Instruction unit

The instruction unit (I-unit or IU), also called, e.g., instruction fetch unit (IFU), instruction issue unit (IIU), instruction sequencing unit (ISU), in a central processing unit (CPU) is responsible for organizing program instructions to be fetched from memory, and executed, in an appropriate order, and for forwarding them to an execution unit (E-unit or EU). The I-unit may also do, e.g., address resolution, pre-fetching, prior to forwarding an instruction. It is a part of the control unit, which in turn is part of the CPU.[1]
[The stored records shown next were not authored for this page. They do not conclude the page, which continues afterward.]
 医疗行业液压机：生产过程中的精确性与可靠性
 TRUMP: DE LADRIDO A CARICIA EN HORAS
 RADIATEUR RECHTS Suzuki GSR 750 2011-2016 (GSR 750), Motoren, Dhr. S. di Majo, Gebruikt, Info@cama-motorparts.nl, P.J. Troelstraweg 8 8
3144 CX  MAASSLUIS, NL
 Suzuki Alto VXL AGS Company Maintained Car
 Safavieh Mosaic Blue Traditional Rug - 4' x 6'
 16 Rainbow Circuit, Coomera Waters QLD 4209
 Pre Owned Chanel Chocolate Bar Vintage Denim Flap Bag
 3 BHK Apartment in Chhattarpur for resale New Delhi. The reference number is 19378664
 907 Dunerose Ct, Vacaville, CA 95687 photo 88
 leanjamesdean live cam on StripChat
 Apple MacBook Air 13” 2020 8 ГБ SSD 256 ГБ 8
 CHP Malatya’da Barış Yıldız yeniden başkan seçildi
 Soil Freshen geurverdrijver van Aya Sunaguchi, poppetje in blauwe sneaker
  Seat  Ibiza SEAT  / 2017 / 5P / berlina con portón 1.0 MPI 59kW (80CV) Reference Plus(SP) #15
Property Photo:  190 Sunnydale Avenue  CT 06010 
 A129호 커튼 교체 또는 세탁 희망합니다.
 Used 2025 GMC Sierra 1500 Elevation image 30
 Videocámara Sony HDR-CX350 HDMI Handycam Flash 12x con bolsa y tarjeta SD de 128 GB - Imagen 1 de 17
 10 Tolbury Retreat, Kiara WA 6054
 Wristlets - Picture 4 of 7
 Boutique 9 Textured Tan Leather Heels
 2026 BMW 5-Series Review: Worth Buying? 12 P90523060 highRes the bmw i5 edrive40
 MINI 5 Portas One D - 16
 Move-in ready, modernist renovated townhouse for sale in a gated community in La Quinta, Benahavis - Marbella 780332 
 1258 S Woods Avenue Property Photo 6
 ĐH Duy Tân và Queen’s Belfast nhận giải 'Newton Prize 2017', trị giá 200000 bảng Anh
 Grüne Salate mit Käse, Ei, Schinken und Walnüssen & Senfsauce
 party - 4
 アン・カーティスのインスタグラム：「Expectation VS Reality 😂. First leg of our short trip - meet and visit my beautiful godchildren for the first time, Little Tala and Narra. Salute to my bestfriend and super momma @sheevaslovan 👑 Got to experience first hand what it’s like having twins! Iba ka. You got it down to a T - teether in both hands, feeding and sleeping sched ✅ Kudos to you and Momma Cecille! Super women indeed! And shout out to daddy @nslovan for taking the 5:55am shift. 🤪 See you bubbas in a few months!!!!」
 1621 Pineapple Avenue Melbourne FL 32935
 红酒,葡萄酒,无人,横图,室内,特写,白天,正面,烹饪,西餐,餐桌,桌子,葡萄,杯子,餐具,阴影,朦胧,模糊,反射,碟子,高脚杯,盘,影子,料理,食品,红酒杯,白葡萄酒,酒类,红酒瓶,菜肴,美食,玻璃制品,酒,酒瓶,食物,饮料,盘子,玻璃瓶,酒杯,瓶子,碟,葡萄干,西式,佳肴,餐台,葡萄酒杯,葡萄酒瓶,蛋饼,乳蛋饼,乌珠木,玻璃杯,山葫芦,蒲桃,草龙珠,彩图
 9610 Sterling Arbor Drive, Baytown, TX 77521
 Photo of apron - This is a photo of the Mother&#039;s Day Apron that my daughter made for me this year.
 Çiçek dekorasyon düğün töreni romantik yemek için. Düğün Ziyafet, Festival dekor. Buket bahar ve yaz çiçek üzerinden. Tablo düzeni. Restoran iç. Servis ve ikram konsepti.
In the simplest style of computer architecture, the instruction cycle is very rigid, and runs exactly as specified by the programmer. In the instruction fetch part of the cycle, the value of the instruction pointer (IP) register is the address of the next instruction to be fetched. This value is placed on the address bus and sent to the memory unit; the memory unit returns the instruction at that address, and it is latched into the instruction register (IR); and the value of the IP is incremented or over-written by a new value (in the case of a jump or branch instruction), ready for the next instruction cycle.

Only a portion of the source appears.